How do you know their reasoning was valid?
Moreover, how do you know your own reasoning is valid? Because you reason that your reasoning is valid? That’s viciously circular! Ultimately, you cannot claim to know anything for certain.
The above discourse is an example of what is known as presuppositional apologetics. There are three main types of Christian apologetics: presuppositional, classical, and evidential. In this issue of the Families for Reformation newsletter we will examine presuppositional apologetics. Classical and evidential apologetics will be addressed in the next two issues.
First off, what is presuppositional apologetics? According to that great source of human knowledge, Wikipedia, “Presuppositionalism is a school of Christian apologetics that believes the Christian faith is the only basis for rational thought.”
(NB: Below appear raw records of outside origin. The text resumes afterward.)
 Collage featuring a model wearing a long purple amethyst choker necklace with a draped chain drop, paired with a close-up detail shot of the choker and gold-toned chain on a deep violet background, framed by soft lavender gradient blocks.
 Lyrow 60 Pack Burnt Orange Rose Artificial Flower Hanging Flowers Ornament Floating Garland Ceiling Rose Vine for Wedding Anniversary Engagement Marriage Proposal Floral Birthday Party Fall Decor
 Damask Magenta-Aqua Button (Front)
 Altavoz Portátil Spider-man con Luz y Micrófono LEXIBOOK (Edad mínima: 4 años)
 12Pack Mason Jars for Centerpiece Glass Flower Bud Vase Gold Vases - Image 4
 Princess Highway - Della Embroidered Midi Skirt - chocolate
What is a presupposition? According to apologist John Frame, a presupposition is a “belief that takes precedence over another and therefore serves as a criterion for another. An ultimate presupposition is a belief over which no other takes precedence. For a Christian, the content of Scripture must serve as his ultimate presupposition…. This doctrine is merely the outworking of the lordship of God in the area of human thought. It merely applies the doctrine of scriptural infallibility to the realm of knowing.”
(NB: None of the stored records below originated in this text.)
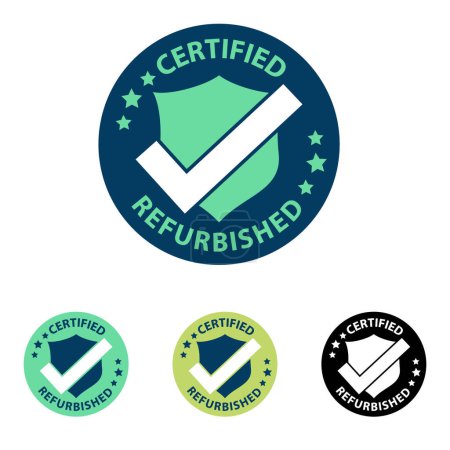 Illustration for Certified Refurbished, Flat isolated rounded vector, Badge, pictogram, symbol, icon, logo, seal, stamp, emblem, refurbishing, upgrade, renew, tested, secure, recall, restore, product, repaired. - Royalty Free Image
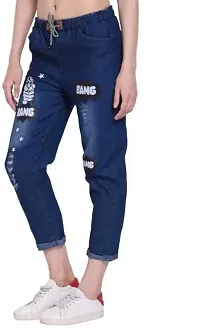 Womens Twill Denim Jogger for Women with White Stitching Accents, Trendy and Fashionable Jeans wear with six Stickers and a Regular fit-thumb2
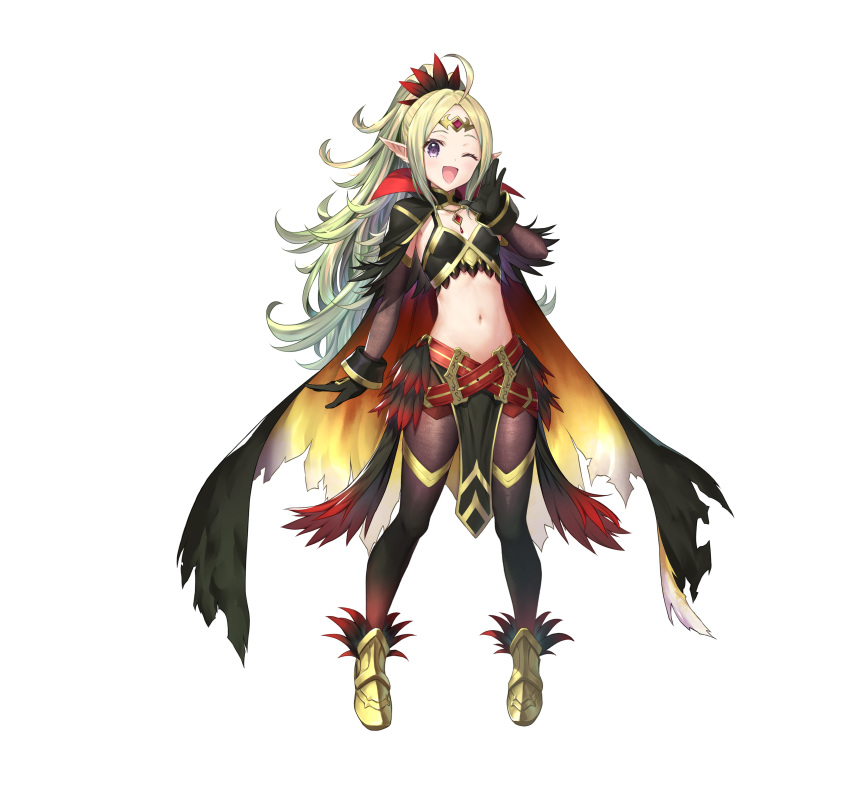 1girl absurdres ahoge alternate_costume bangs belt black_gloves blonde_hair blush cape commentary_request feather_trim feathers fire_emblem fire_emblem_awakening fire_emblem_heroes flat_chest gloves gold_trim gradient gradient_clothes gradient_hair green_hair highres jewelry kousei_horiguchi long_hair looking_at_viewer manakete midriff multicolored_hair multiple_belts navel nowi_(fire_emblem) official_art one_eye_closed open_mouth pantyhose parted_bangs pelvic_curtain pointy_ears ponytail simple_background smile stomach tiara tied_hair violet_eyes white_background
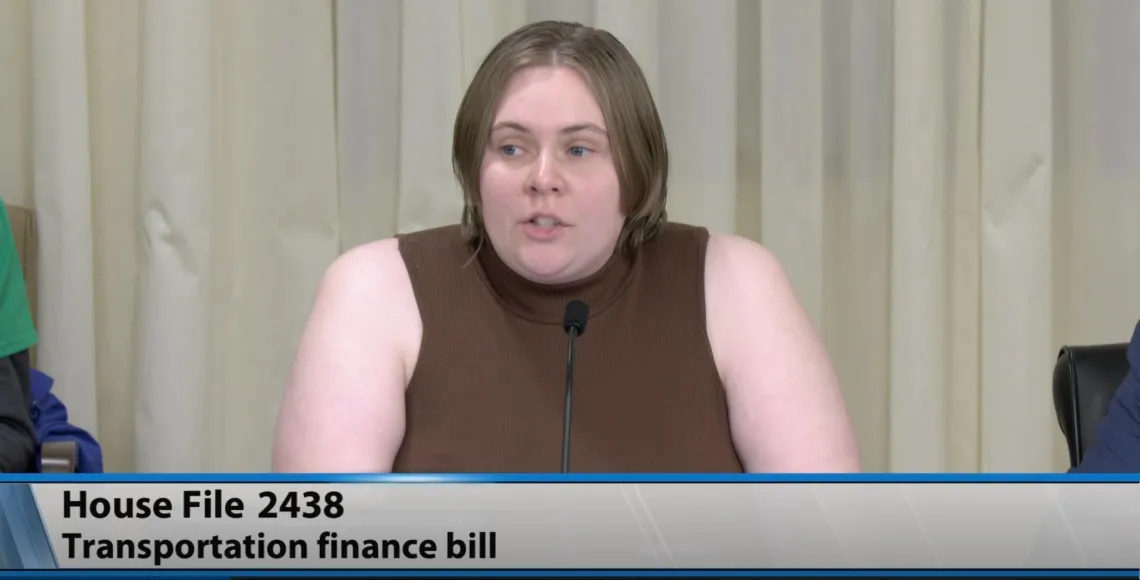 Maya Merritt testifies during hearings on the 2025 Minnesota House Omnibus Transportation Bill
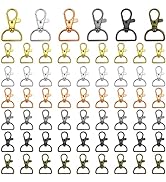 60pcs Swivel Snap Hook D Ring,Metal Swivel Clasps D Rings Lanyard Snap Hooks Lobster Clasp Key Ch...
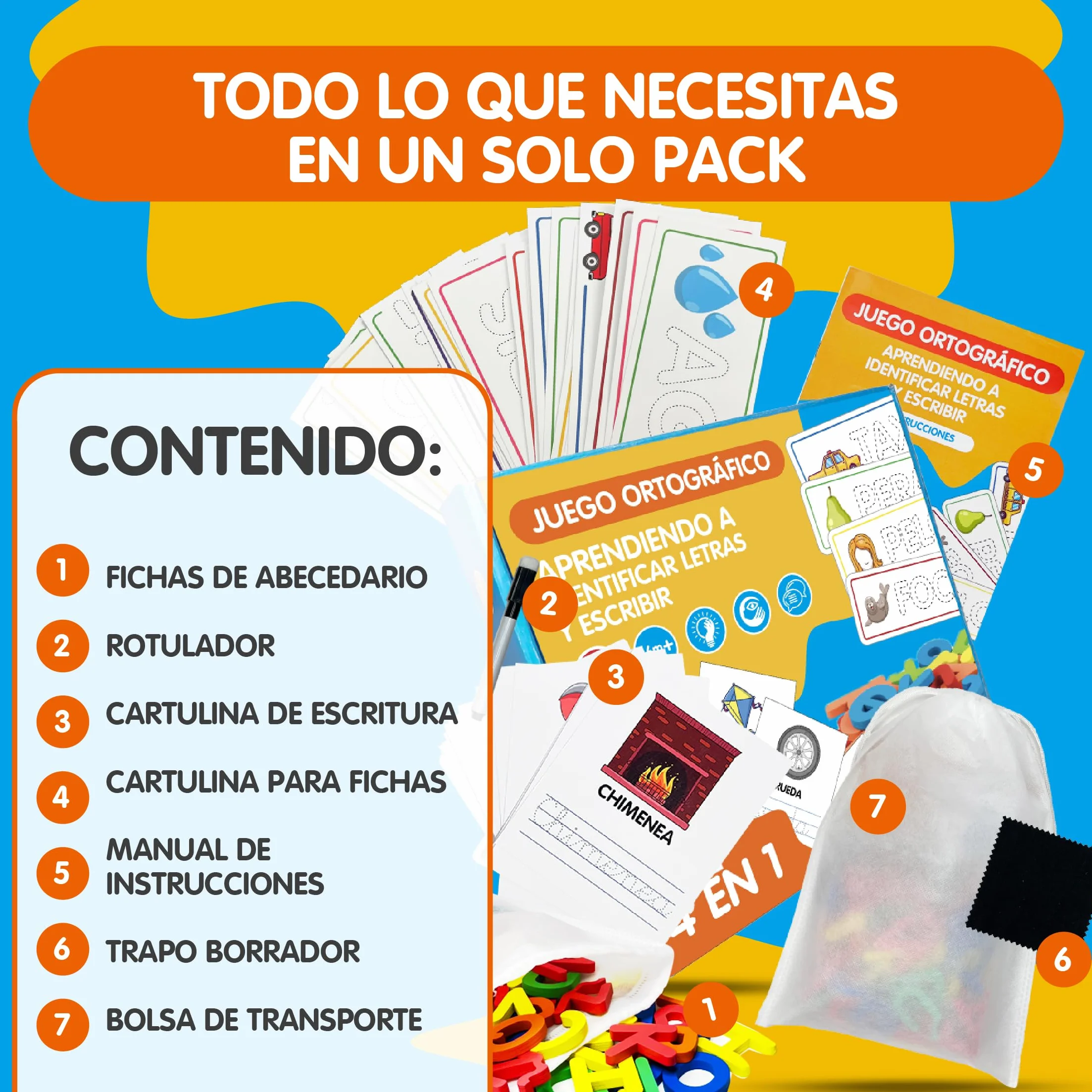 Juguetes Educativos Montessori Niños 3-6 Años Alfabeto Tarjetas Letras Madera Aprender Leer Escribir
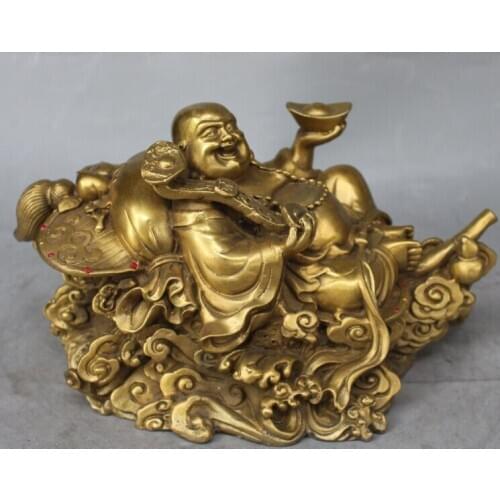 10" Chinese Bronze Wealth Yuanbao Money Happy Laugh Maitreya Buddha Ruyi Statue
Basically, presuppositional apologetics argues that everyone has certain fundamental assumptions that we accept without external proof. Moreover, it asserts that any rational discussion presupposes the truth of the presuppositions of Christianity.
Proverbs 9:10 (ESV) says, “The fear of the Lord is the beginning of wisdom, and the knowledge of the Holy One is insight.” That verse clearly establishes that you cannot be wise if you do not fear God. In fact, fearing the Lord is the very beginning of wisdom! You have absolutely no wisdom whatsoever if you do not fear God. Thus, those who deny God’s existence are not wise—they are fools. As Proverbs 14:1 (ESV) states, “The fool says in his heart, ‘There is no God.’” In Scripture, “fool” doesn’t refer to someone with a low IQ. It refers to someone who knows the truth but refuses to accept it. Atheists are not wise because they do not fear the Lord.
As illuminated in the opening dialogue, atheists ultimately have no foundation for their assertions. They presuppose the validity of science, reason, or logic, but have no reason why those should be valid in a universe without a Creator.
If they claim to know anything at all they cannot support that claim. If they admit that they could be wrong about everything they know, then they have given up knowledge. Think of it this way: If you ask me what the speed limit outside my house is and I reply, “I think it’s 25 miles per hour, but I’m not sure,” then I don’t really know. Knowledge necessarily implies certainty. So, if an atheist is not certain of the validity of his or her assertions, that atheist cannot claim to know anything….
To read the rest of the article, see the Fall 2013 edition of the Families for Reformation newsletter. Simply visit this page and scroll down to find my article!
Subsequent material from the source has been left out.